All investors look for gains, but the best investors look at risks, too. The mediocre and underperforming investors are definitely aware of the risks of downfalls, but their approach to risk is uneven. When markets are bearish, risk is a bigger consideration; when markets are bullish, worries about risk fall to the background while returns become the central focal point.

Due to the cyclical nature of markets, mediocre investors’ focus on risks will be cyclical as well, so tracking these investors’ concerns about risk is a great indicator of what is going to happen in the market. Looking for amateur investors’ perceptions of the risks in the market vis-a-vis the potential rewards of the market is a great way of spotting bears on the horizon.

Howard Marks discusses the phenomenon in his recent memo, which is worth reading carefully in its entirety. There are three main points to take away from Marks’s memo:

  1. Risk aversion remains, and we aren’t at 2006-2007 levels of euphoria. While Marks identifies some clear signs of frothiness, such as Twitter’s (TWTR) recent iPO, gains in low-grade bonds, and the growth of riskier derivatives in the credit market, he emphasizes that uncertainty is still present enough to suggest that we are not at the high of the market. Cab drivers aren’t handing stock tips to passengers quite yet.
  2. We are in an experimental market where asset appreciation is driven by a growth in the monetary supply and low interest rates. True to form, Marks avoids the polemical, politicized responses to QE and Fed responses to liquidity traps, and simply asks the question: “Can low interest rates and high levels of money creation return economic growth rates to previous levels?” As Marks says, the evidence is mixed. We don’t know how this is going to impact stocks, and so it is a systemic risk factor.
  3. Investors are becoming more risk tolerant. We are not at the stage in the market where people are seriously saying that there is no way to lose as long as you are in stocks, but we are approaching that point. It may take a few years, but it seems that we have definitely gone from growing more worried about risk to being more tolerant of risk.

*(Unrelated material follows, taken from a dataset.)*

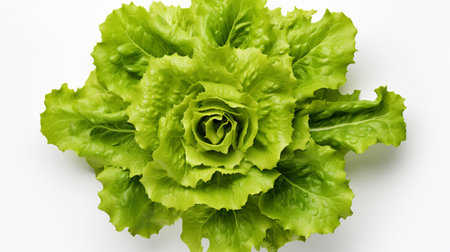 Lettuce isolated on white background. Top view. Flat lay.の素材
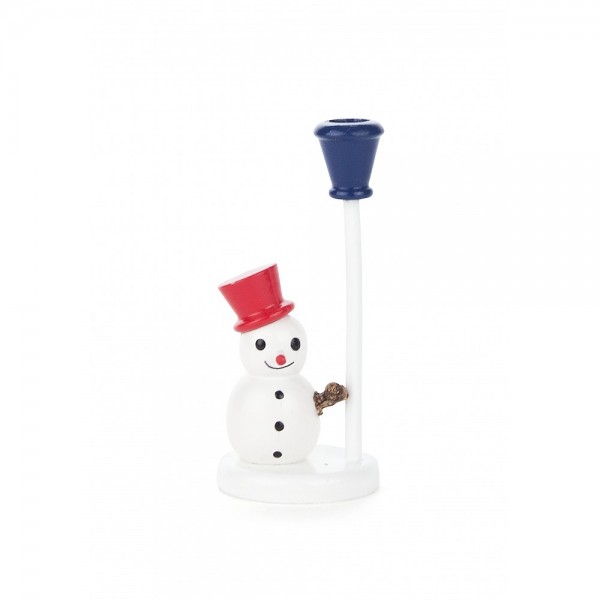 Dregeno Erzgebirge - Schneemann mit Kerzenhalter - 6cm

Marks’ conclusion is very much common sense:

“In short, it’s my belief that when investors take on added risks – whether because of increased optimism or because they’re coerced to do so (as now) – they often forget to apply the caution they should. That’s bad for them. But if we’re not cognizant of the implications, it can also be bad for the rest of us.”

Of course, Marks is completely correct, but it’s something that daytraders, retirees, and retail investors don’t want to hear. The best of them want to see their capital grow and the worst of them want to get rich quick, and they will use whatever tools they have—penny stocks, investing on technicals only, speculating on prices instead of investing in fundamentals—to beat the market. Of course, in the long run, they will lose if they don’t get out while they’re still ahead before it’s too late.

For institutional investors, Marks’ words are well worth heeding. The long-term investor whose mandate is to provide risk-adjusted returns on a long time horizon needs to start modeling for the inevitable crash that follows a period of irrational exuberance. Fortunately, 2008 provides plenty of data to model on.